Alison Steele – The Nightbird WNEW FM 1972 & 75

***A note to air check traders. Please do not record these air checks and try and trade. I have the original tapes many of which I recorded myself and thus the authenticity can not be in doubt and can be easily traced.

Vintage WNEW and Alison Steele from the prime years of commercial free form radio in New York. The first clip is from September 6, 1972 and the second from July 11, 1975.

The music is fantastic as Alison plays King Crimson, The Nice , The Moody Blues and more.

Still more to come on the site from the great WNEW in the future.

19 thoughts on “Alison Steele – The Nightbird WNEW FM 1972 & 75”

    1. I have quite a few other WNEW air checks on the site with a few more to come but sorry no mixed bag concerts.

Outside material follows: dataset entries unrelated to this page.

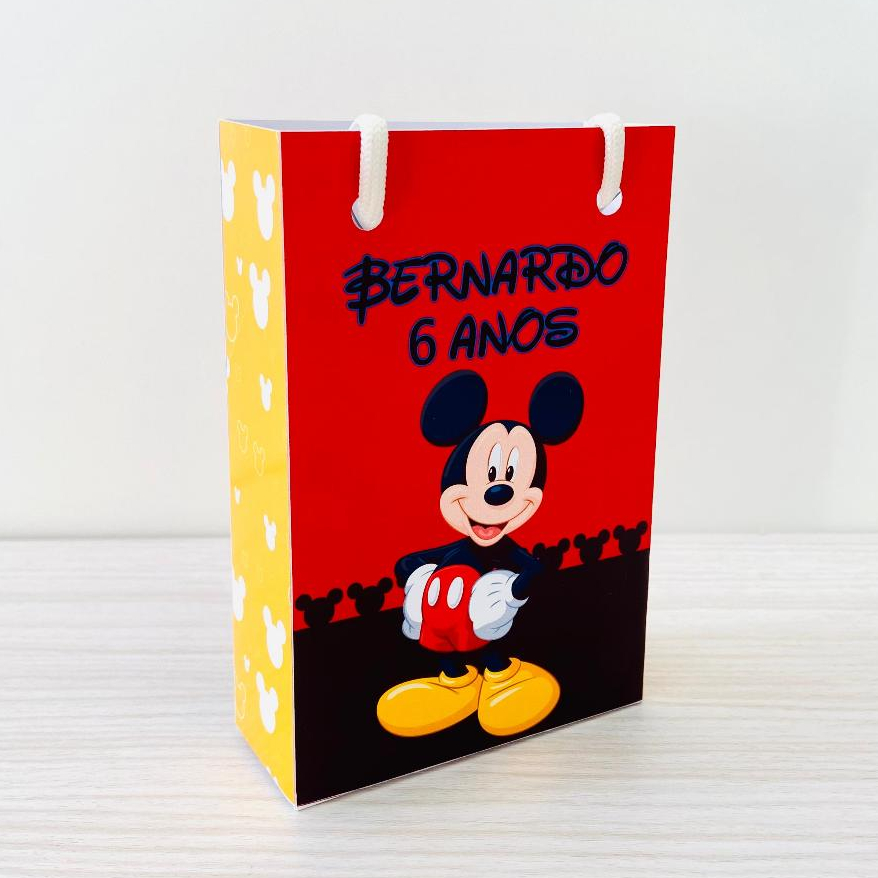 SACOLINHA P PERSONALIZADA MICKEY MOUSE / LEMBRANCINHA DE FESTA MICKEY MOUSE / ANIVERSÁRIO MICKEY MOUSE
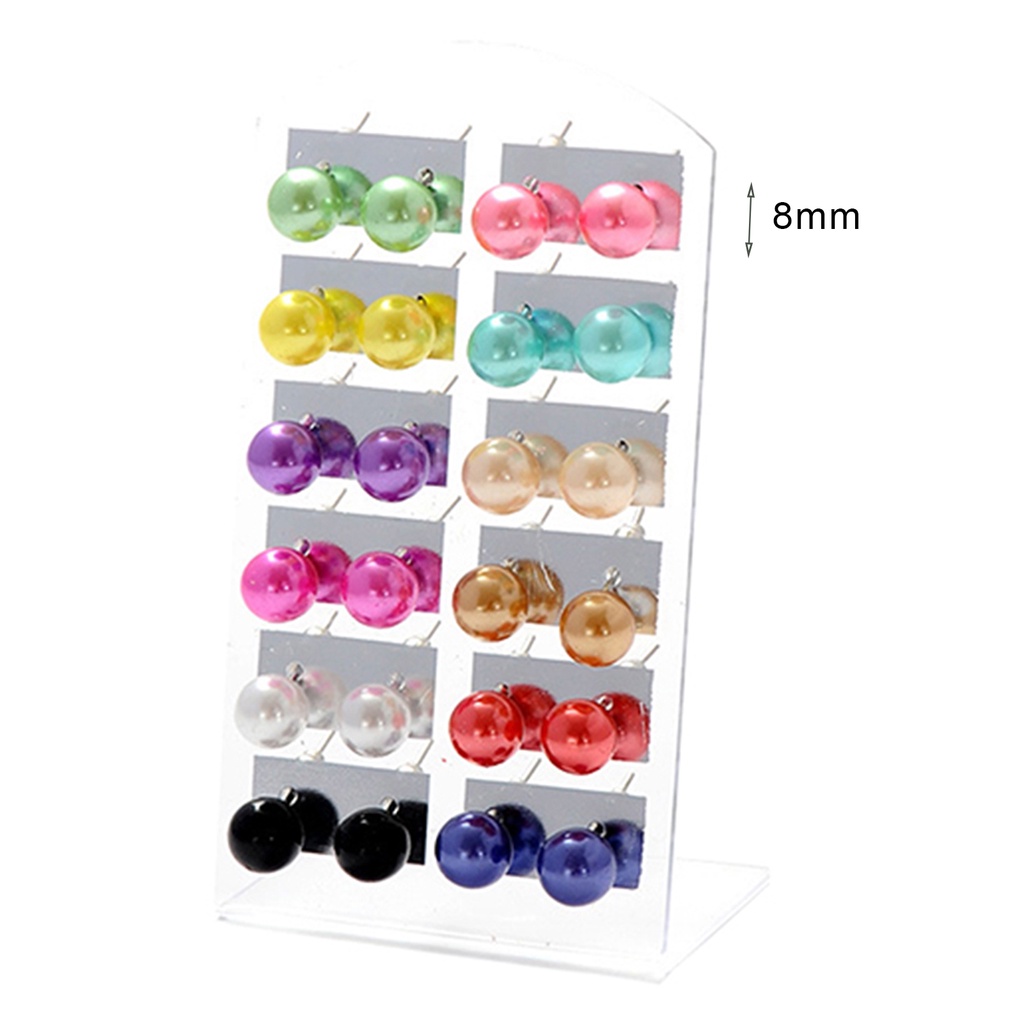 Bộ 12 Đôi Khuyên Tai Đính Ngọc Trai Nhân Tạo Hình Quả Cầu Nhiều Màu Tùy Chọn Cho Nữ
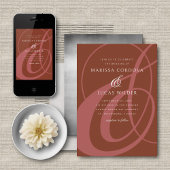 Terracotta Ampersand Script Calligraphy Wedding Einladung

  1. OMG, she played my songs by our obscure group Gandalf in early 1969. I recall hearing “Can You Travel In The Dark Alone” preceded by a lengthy dose of her psychedelic poetry. Any chance of your coming across that?

    1. I have not come across her playing Gandalf yet but will be on the look out so you never know. Someone taped a copy of your album for me around 1996 and I enjoyed it. I still have the cassette.

    2. Peter, I really like your group’s covers of “Golden Earrings” and “Hang On To A Dream”! Gandalf had a very memorable sound and style, quite striking when I first heard the album in the 2000s. Thought it might bring a smile to know you’re not obscure in my world.

  2. javedjafri, thanks so much for these. I have an offbeat question that you might be able to answer: do you know when Alison stopped referring to WNEW as “Metromedia Stereo” as part of her usual voiceovers/station IDs? Maybe there was a shift in the station’s self-branding?

    I’ve been trying to pin down an aircheck with an unknown date — an unknown year, even — and it would help to know if there was a known date on which that changed. As I’ve been looking into this I’ve heard airchecks from 1969 that have the “Metromedia Stereo” and ones from around 1977 that don’t, but I haven’t nailed down exactly when the shift happened yet (if there even was a shift). Thanks for any help you or your commenters can provide!

    1. Can’t tell you when this happened, but MetroMedia Radio was acquired by a larger radio/TV group. MetroMedia also had a sister station in Philadelphia, appropriately using the call letters WMMR 93.3 FM. This station still exists under different ownership.

  3. I remember we played a concert at RCC college in Rockland in a week before that we won a battle of the bands, and Allison steel awarded us with the winnings , I wish I can find that it was recorded that night how to be 1974, 75 but yeah it was quite the night band was called Sunrise she was an awesome person

  4. All readers take note:
    At this late date (2021) trading airchecks rather than releasing all one has via the usual venues does little to keep history alive. Our generations will be dead shortly but the internet lives on. Best to put them out at various venues including Youtube (for the accessibility, nothing else) so future listeners can enjoy them forever.

  5. I was hired by Pan Am in 1967 working at JFK. I moved to NY from farm country Ohio at age 18. I was scared. It seemed everyone was older, wiser, knew where they were going and knew what to do. I didn’t. Then I started listening to The Nightbird and my life changed. I knew I would be ok as long as she was there every night.

  6. Sometime in the late 1970s, WNEW-FM DJ Alison “The Night Bird” Steele aired a Pink Floyd BBC-recorded concert radio show during her late-night slot. The 9-30-71 concert at London’s Paris Cinema. The radio show included two very rare bonus stereo tracks. Embryo & Blues. This was a one-time airing! Tapes of this exist and aren’t difficult to locate. However, does anyone know the exact airing year? 1977 is my best guess. I would appreciate any comments and insight on this. Thanks & Shine-On…..

  7. I turned
    70 this year and thought I need I need therapy…. Listening to Allison Steele the Moody blues, King Crimson, is a better modality. It reminded me of the source of my essence.

  8. I was on college radio in the 1990s and did my best to replicate the sound of free form radio of the 1970’s. I know that “In The Court Of The Crimson King” by King Crimson and “For Example” by the Nice were both songs I regularly played. As the years went on, my selections became even more obscure including a lot of German rock such as Can, Faust, Tangerine Dream, Guru Guru and Amon Duul II. I would also incorporate the occasional show tune, 20th Century Classical music and jazz.

    I started as a summer fill in and high school and continued during college and a little after. Some student managers got it, some didn’t. One who didn’t stated, at a college station which generally had been free form, that I was ignoring her “two new rotation albums per set” rule she created. Eventually bugged me about it so much I agreed and played the two songs a set…at the same time on the two CD players with pitch control usually set way high or way low. The following week I brought in a music major friend in and we played the tracks with us chiming in with (often scathing) critiques of the new tracks while they were playing,

    I was asked to take a hiatus, but that only lasted for the month as she was off to a summer study abroad and ended up getting malaria and had to take a year off from college. Karma.